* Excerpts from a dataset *
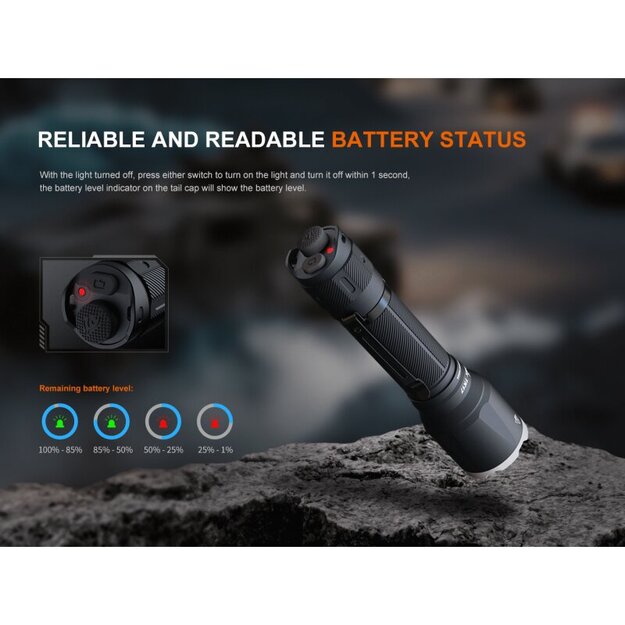 Fenix TK17 LED Taktiskais lukturītis Haki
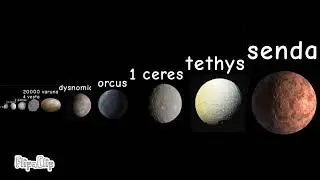 Planets and moons size comparison 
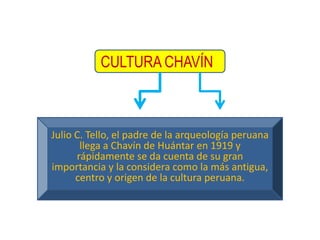 CULTURA CHAVÍN Julio C. Tello, el padre de la arqueología peruana llega a Chavín de Huántar en 1919 y rápidamente se da cuenta de su gran importancia y la considera como la más antigua, centro y origen de la cultura peruana. 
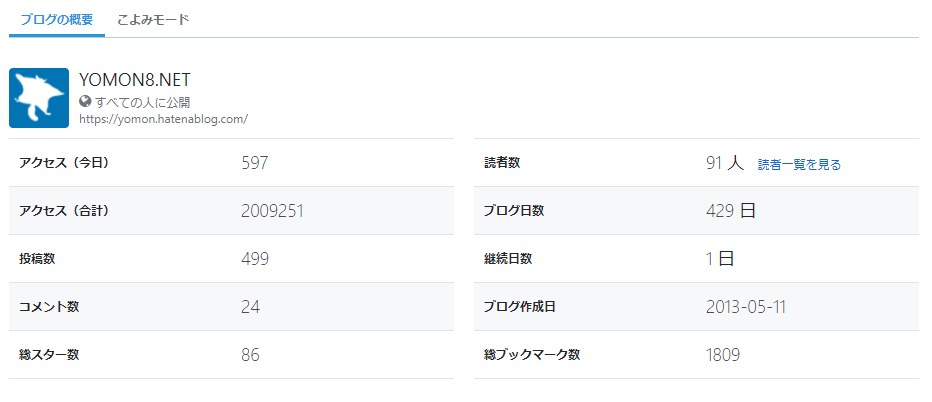 f:id:yomon8:20190807142537p:plain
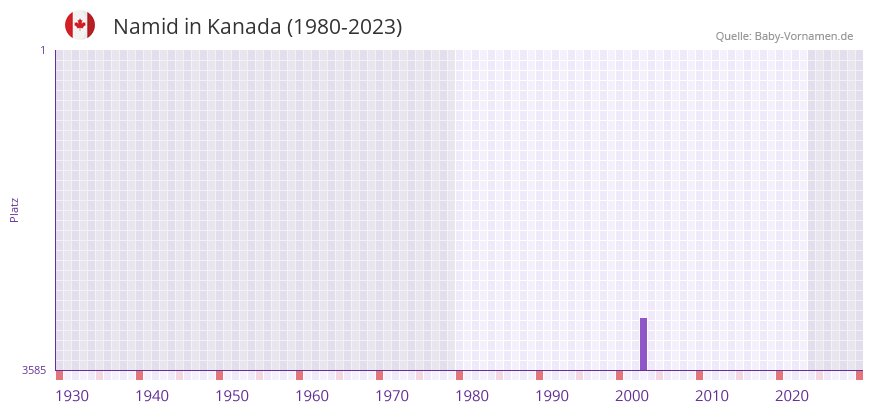 Namid in der Vornamen-Hitliste von Kanada (1980-2023)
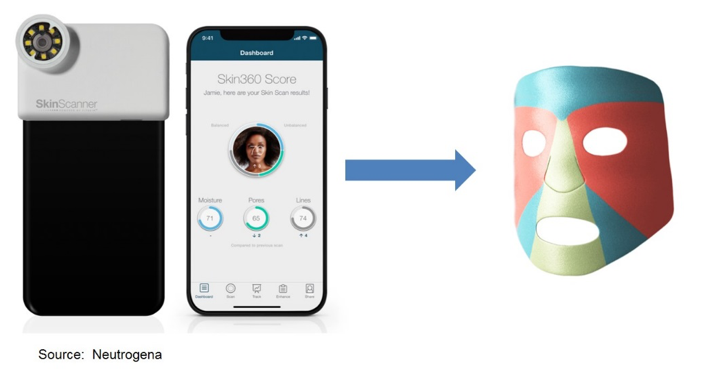 Cell phone and arrow pointing to mask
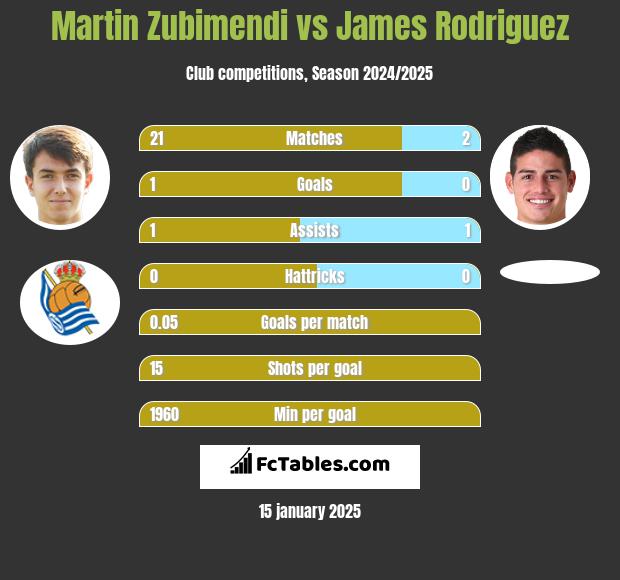 Martin Zubimendi vs James Rodriguez h2h player stats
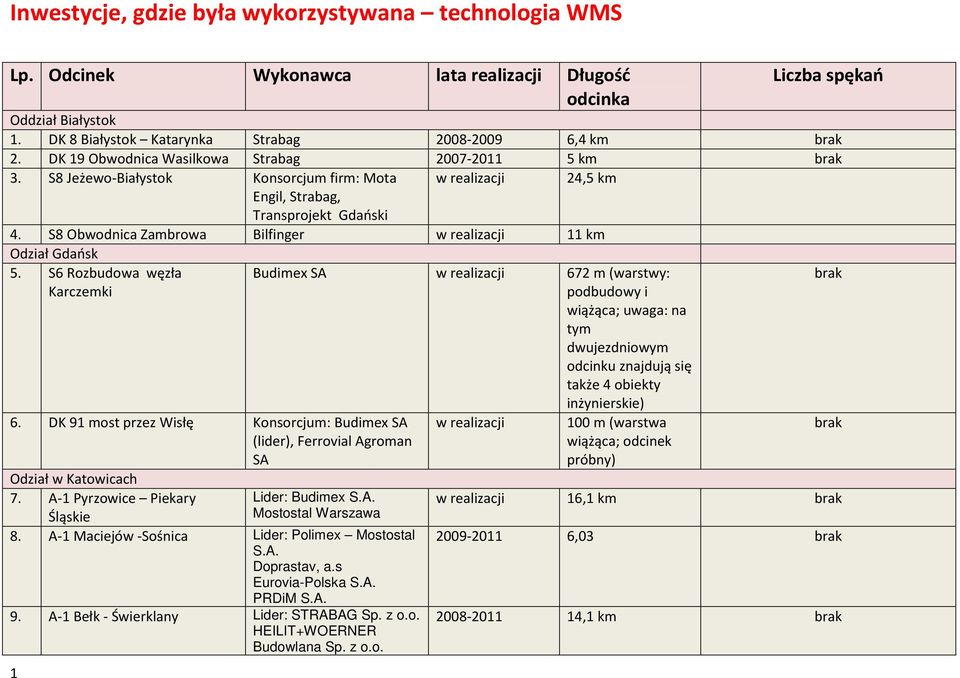 DK 91 most przez Wisłę Konsorcjum: Budimex SA (lider), Ferrovial Agroman SA Odział w Katowicach 7.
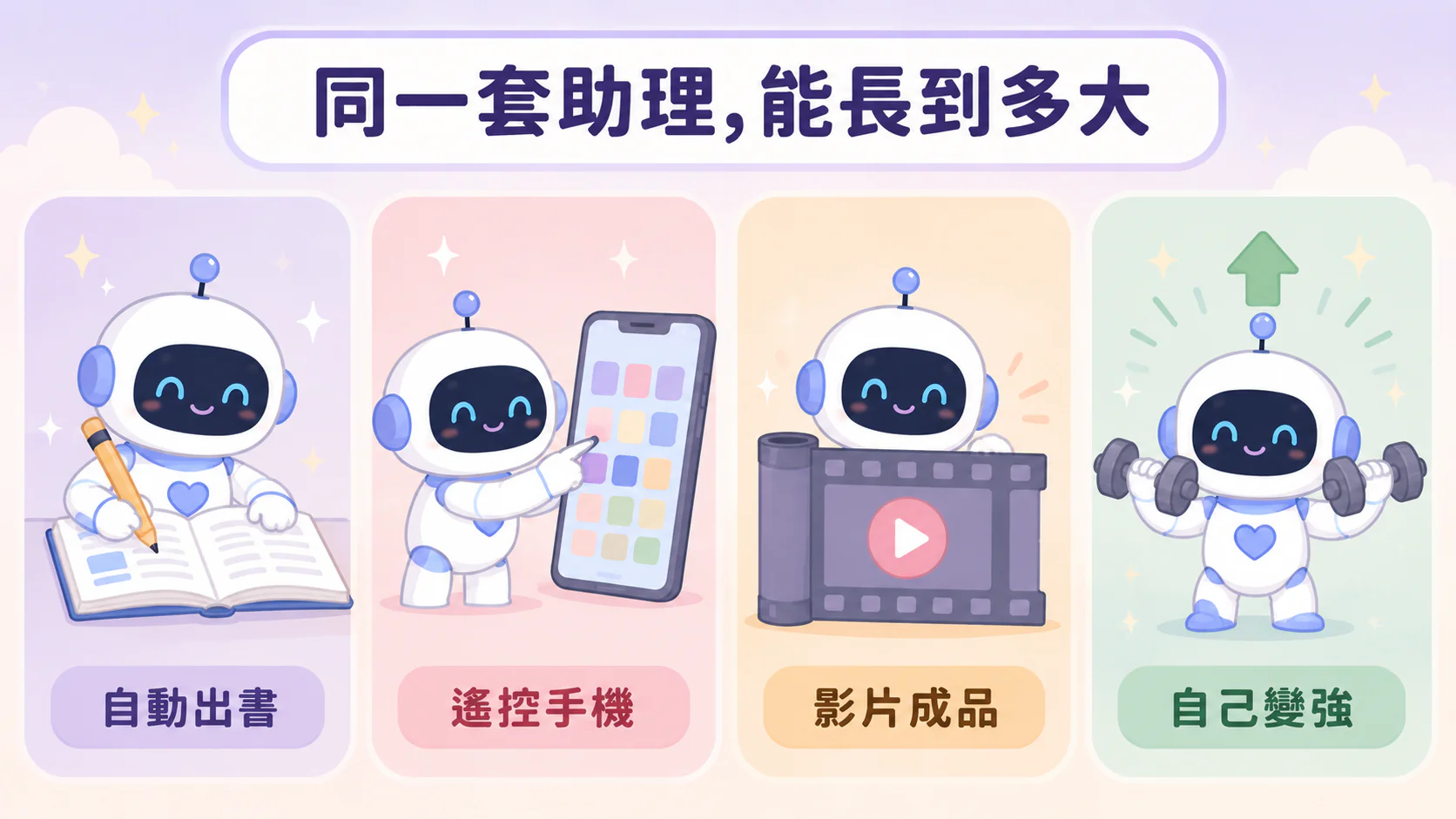 同一套助理能做到的四件事：自動出書、助理組隊、自動顧伺服器、遙控手機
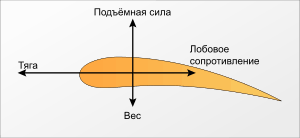 Оптимизации дп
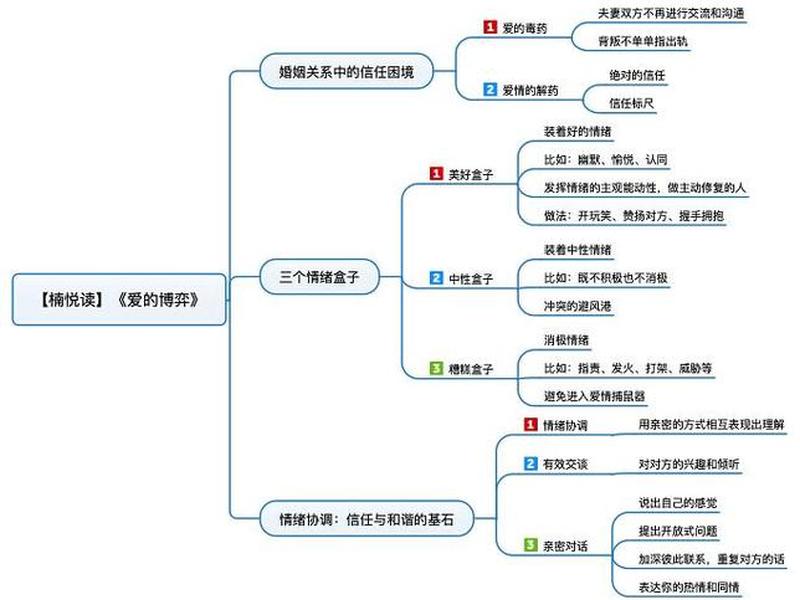 大理混乱人际关系，大理混乱人际关系怎么处理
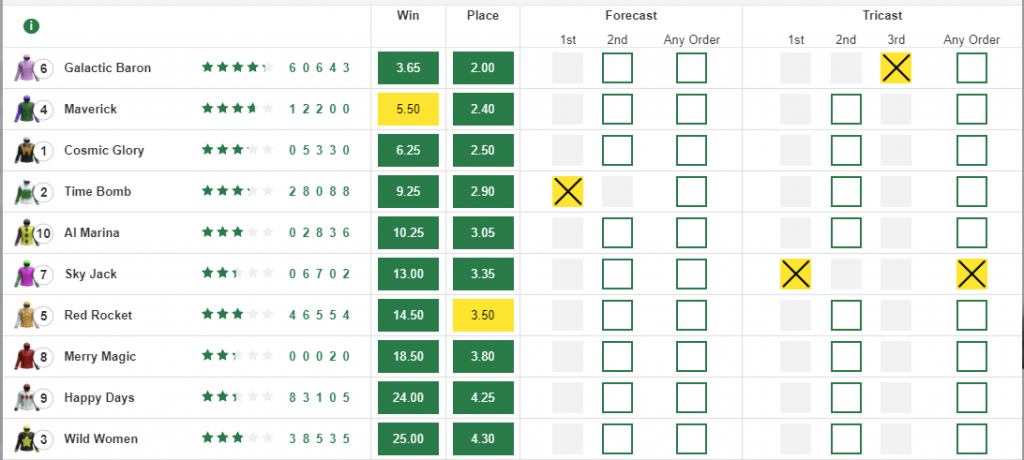 Virtual horse racing example 1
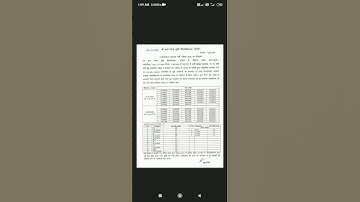 SKNAU Lab Assistant Results & Cutoff Decleared SKNAU Non Teaching Vacancy 2023 Official Update.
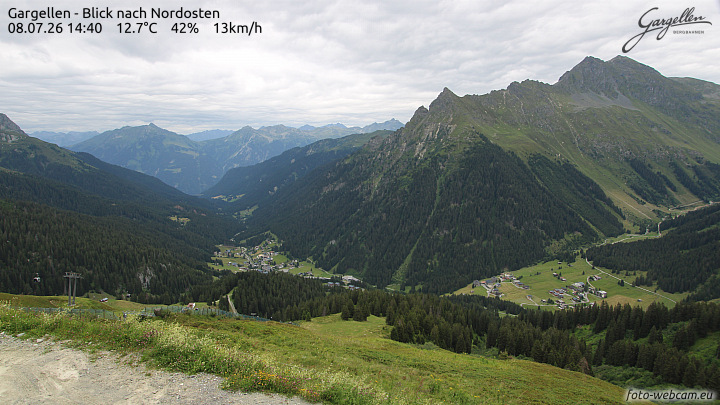 Gargellen | Talblick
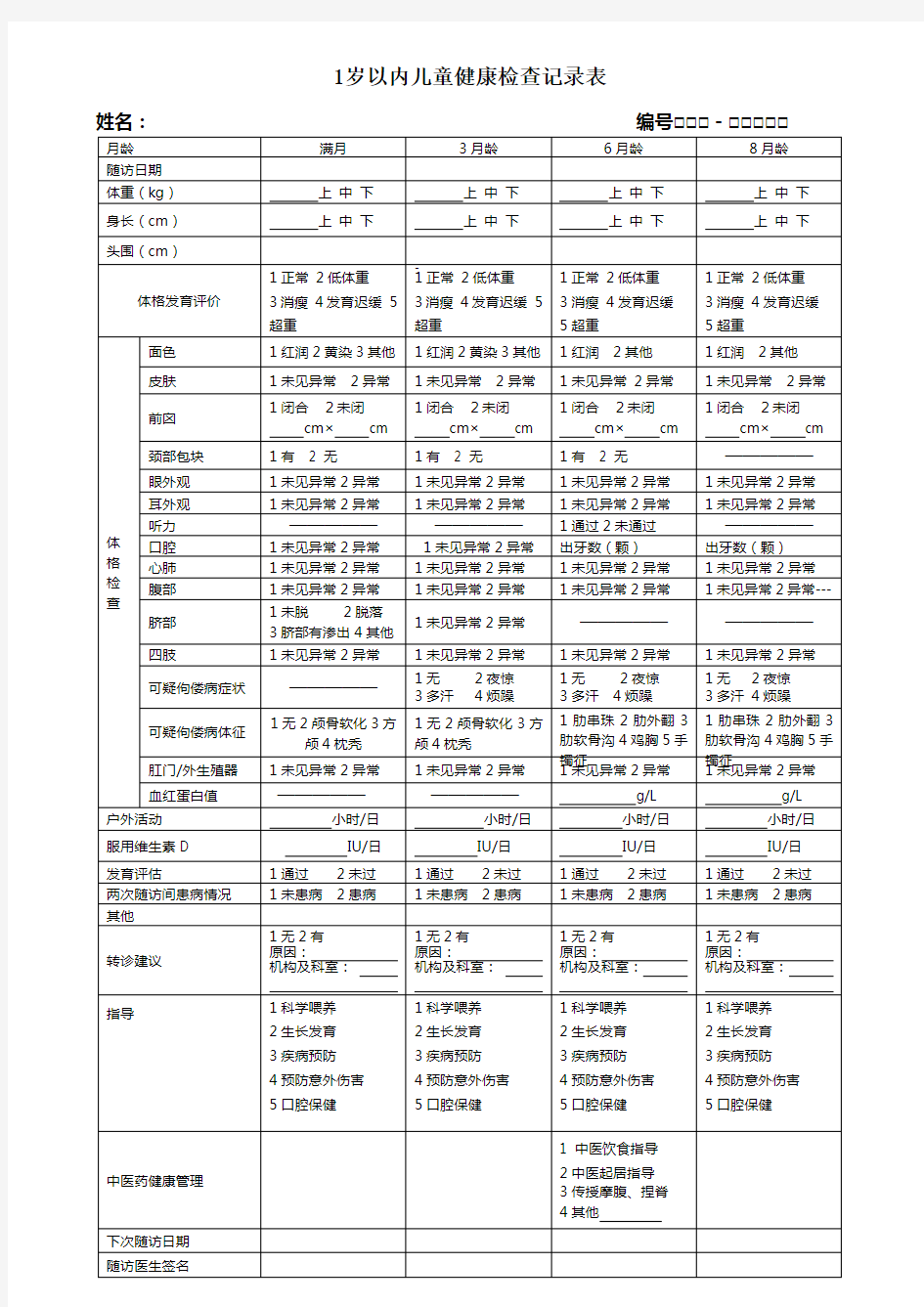 0-6岁儿童健康检查记录表(全套)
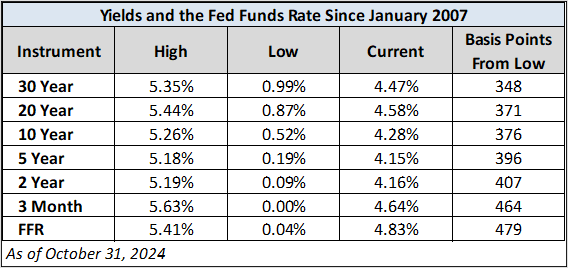 Yields table since 2007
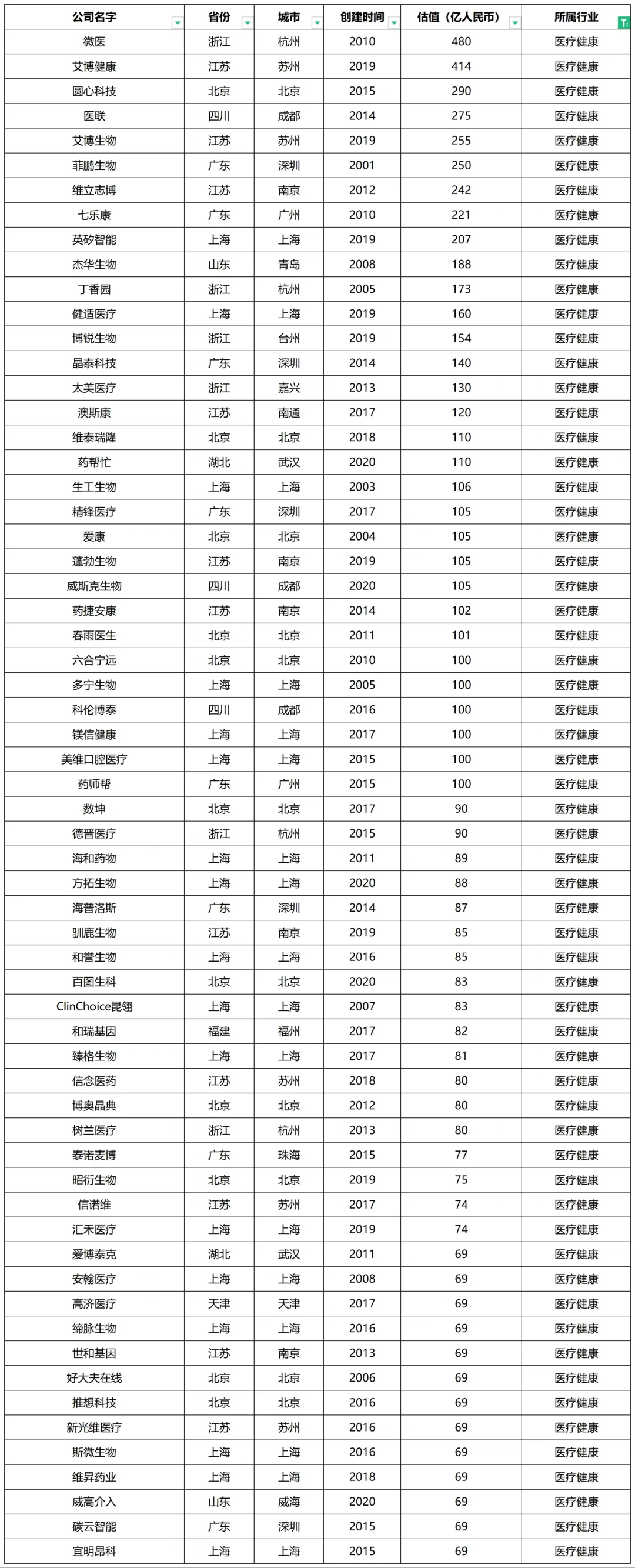 当下10大风口行业及中国独角兽企业榜单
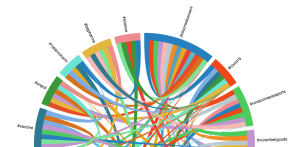 colorful visualisation of Sam's data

* Instructions for the task *
Your reply should hold only the lines running from the one with "0-6岁儿童健康检查记录表(全套)" to the end of the data above, set down exactly, pictures omitted.

* Solution for this task *
 0-6岁儿童健康检查记录表(全套)
 Yields table since 2007
 当下10大风口行业及中国独角兽企业榜单
 colorful visualisation of Sam's data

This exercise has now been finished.